Let’s say you’re a creative leader at the ad agency working on that campaign for the electric SUV. Within the Microsoft ecosystem, you could ask Image Creator from Designer for help storyboarding a concept. You might start your prompt with, “Create a series of images for a TV ad featuring an electric SUV driving through the savanna at sunset. In the first image, we see the SUV emerge from behind a thicket of tall grass….”  

In other words, your copilot can help you come up with rough storyboards instantly—and you might create them during a meeting to bring your concept to life while everyone is brainstorming. That way, you get the weak ideas out of the way quickly and can spend more time focusing on the strong ones.  

Image creation is just one example of a copilot skill. The ability to code, to automate complex business processes, to make large databases of information instantly accessible with AI—each represents new skills you can turn on for your copilot.  

Summing it up 
There’s a lot of hype around foundational models, and much of that hype is well deserved.

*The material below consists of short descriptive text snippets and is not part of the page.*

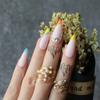 MqpQ French Rainbow False Nails Stiletto Gel Handmade Diamonds Art Fluorescence Nude Neon Long Fake Nails Side Colorful Box Gift view 3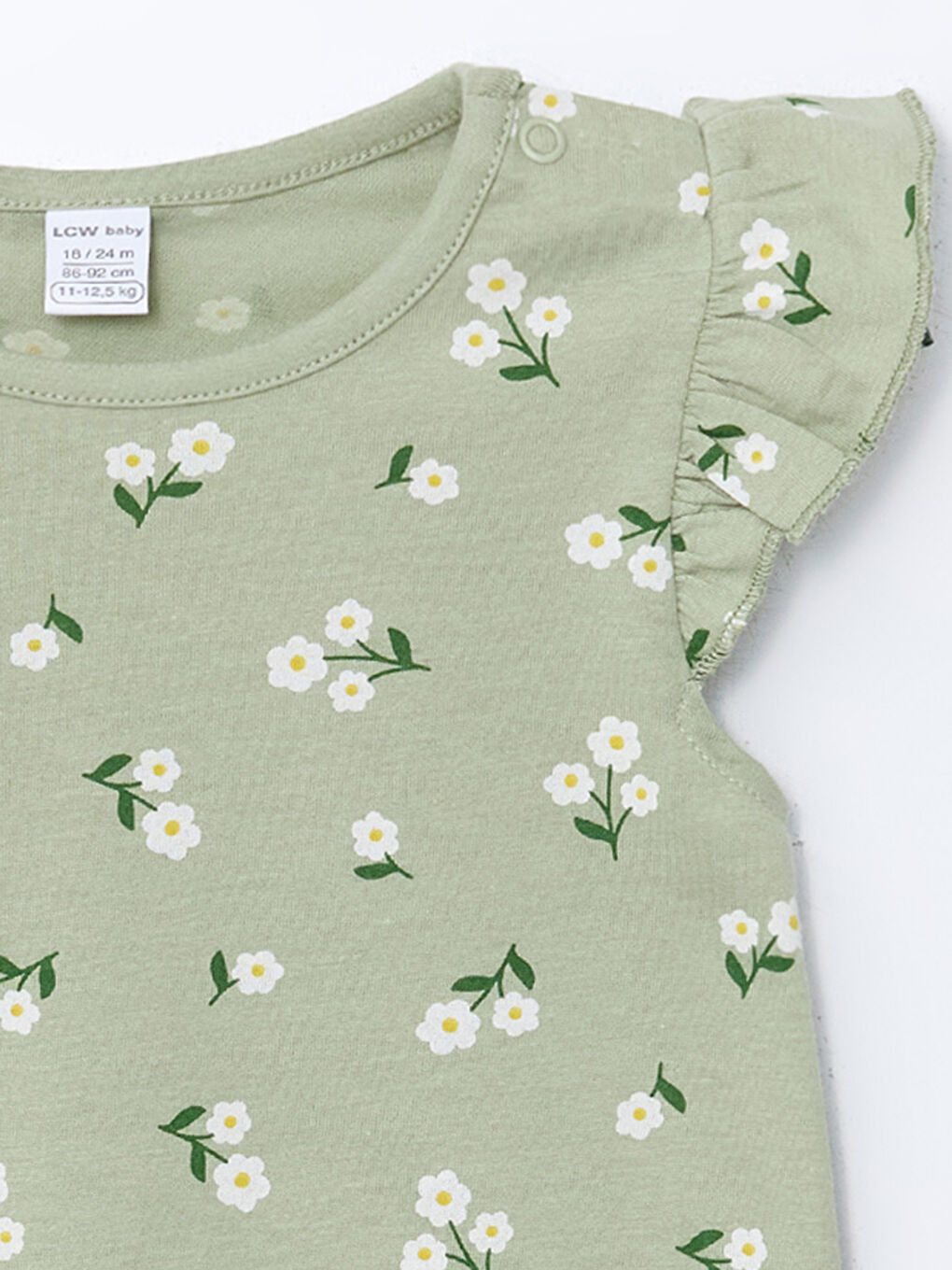 Yeşil Bisiklet Yaka Çiçekli Kız Bebek Tulum-1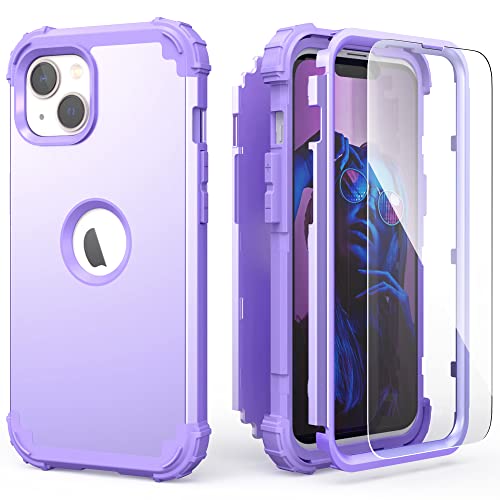 IDweel for iPhone 15 Case with Tempered Glass Screen Protector, 3 in 1 Shockproof Slim Hybrid Heavy Duty Hard PC Cover Soft Silicone Bumper Full Body Case,Purple - color: Purple
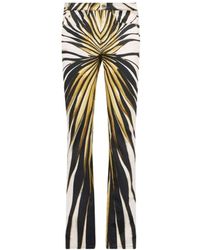 Roberto Cavalli - Broeken ,Veelkleurig ,Katoen Gouden Print Skinny Katoenen Broek - Lyst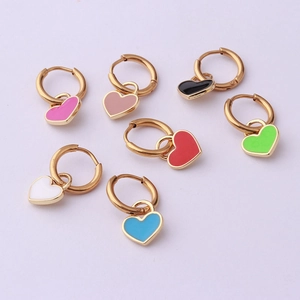 Set of seven gold-plated stainless steel hoop earrings with colorful enamel heart charms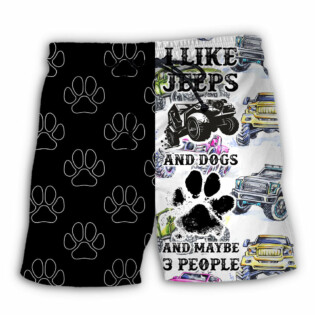Jeeps I Like Jeeps And Dogs - Beach Short - Owl Ohh - Owl Ohh
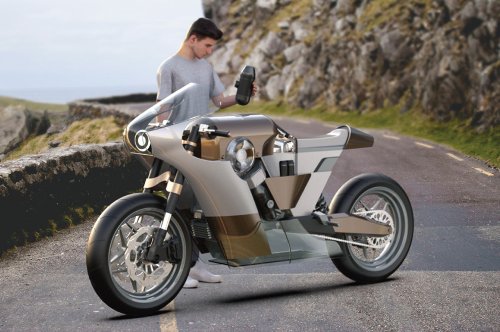 A literal Café Racer with integrated coffee grinder harnesses dissipates engine heat to brew cup of joe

They are the technology that has opened this new chapter in AI innovation. But while they’re an important part of the system, they’re just one part. By carefully orchestrating the interactions between the user, knowledge, skills, and foundational models, the copilot becomes even more powerful than the sum of its parts. That’s the real unlock that will add value to the work you do every day—so that when you step on the accelerator, you’ll end up exactly where you need to go.